Terminate CUDA kernel which got stuck in an endless loop? Is that possible under linux?

Sometimes kernel goes into an endless loop (by a mistake in a kernel of course). And I’m unable to somehow terminate it.
kill -9 of the hosting process fails, process remains (still the process is not zombie, it is marked as just running).
Have to reboot. Definitely unusable approach.

Driver: 180.60
Linux: Debian/lenny
Monitor is attached to another video card, so there is no CUDA timeout.

Is there any solution to terminate such process/kernel?

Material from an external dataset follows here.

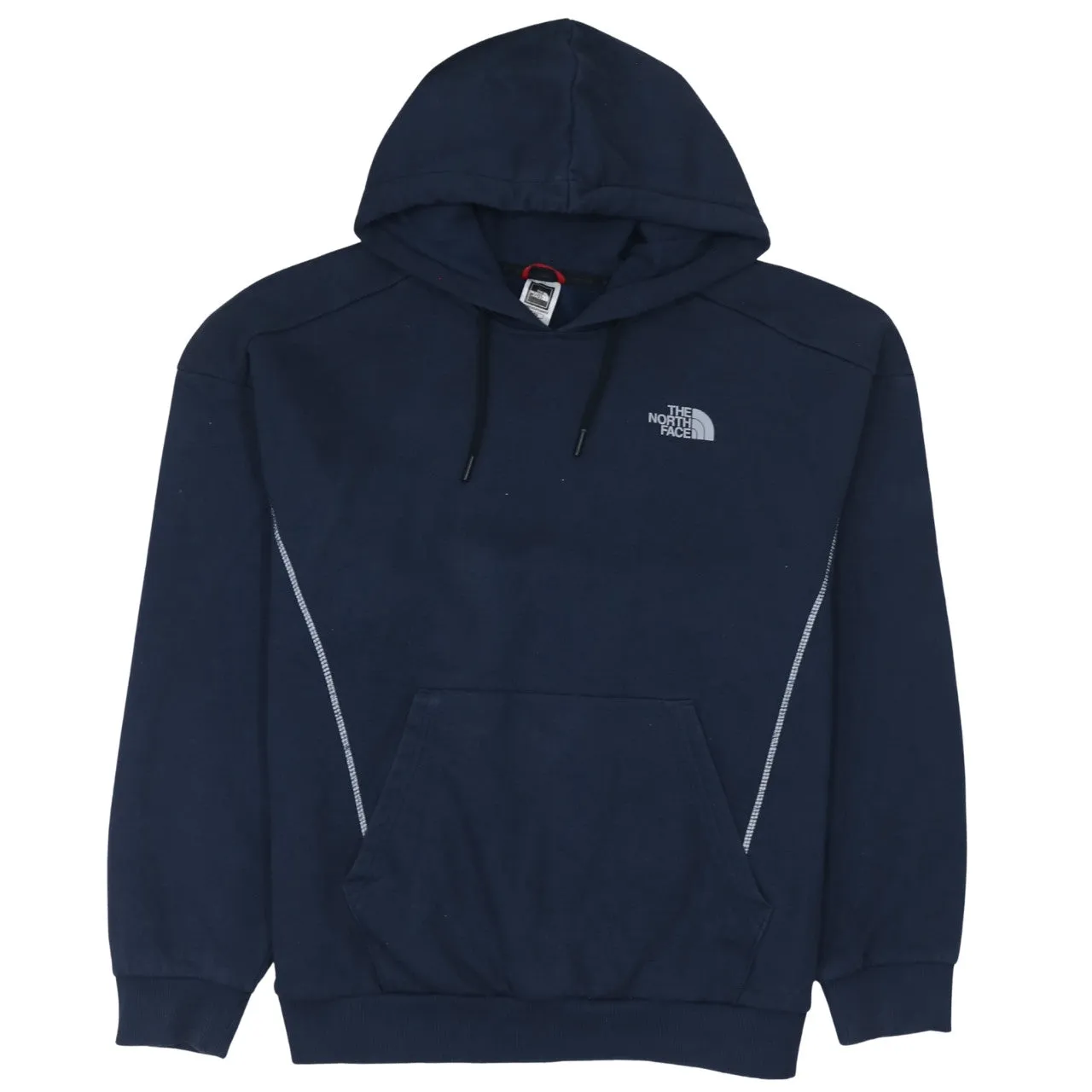 The North Face Navy Blue Hoodie Women's XLarge Printed Logos Fleece Lined Pullover Sweatshirt sold by Vintage Club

Odd, I usually have luck just pressint Ctrl-C. Sometimes it takes ~10 seconds to take effect, but it usually works. The only times a reboot has been necessary for me is with horribly buggy kernels that wrote all over device memory, probably messing up the driver.

I have just tested with while(true) {}. No memory use…
Just found that Ctrl-C really helps, but in about 30 minutes (!).

Maybe there can help an unload of some module (nvidia driver?) Any ideas?

A fix for that is coming, but not until after 2.1 is out.

Thank you. But are there any tweaks for the present moment? Such as driver unload or something like that?

A fix in what form? Quicker return after Ctrl+C, or some larger-scale solution? Will it work on Windows?

Just a guess:

Extend (or) change your desktop into this graphics card temporarily to kill the kernel

Beware: If that did not work, you wont have a display to work with :-) Extending would be a better idea… But not sure if linux supports it.

Cool idea, however I’ve never heard this is possible under X in linux… I mean extending the desktop

Thanks. If possible, write a script to switch the display and then get it back to the original display.

Not sure how to write it OR if it would even work. Good Luck!

Trying to unload the driver in such a case or doing other things can hang the entire pc, or at least the driver unloading, until the kernel terminates… be warned. At least, that’s my experience.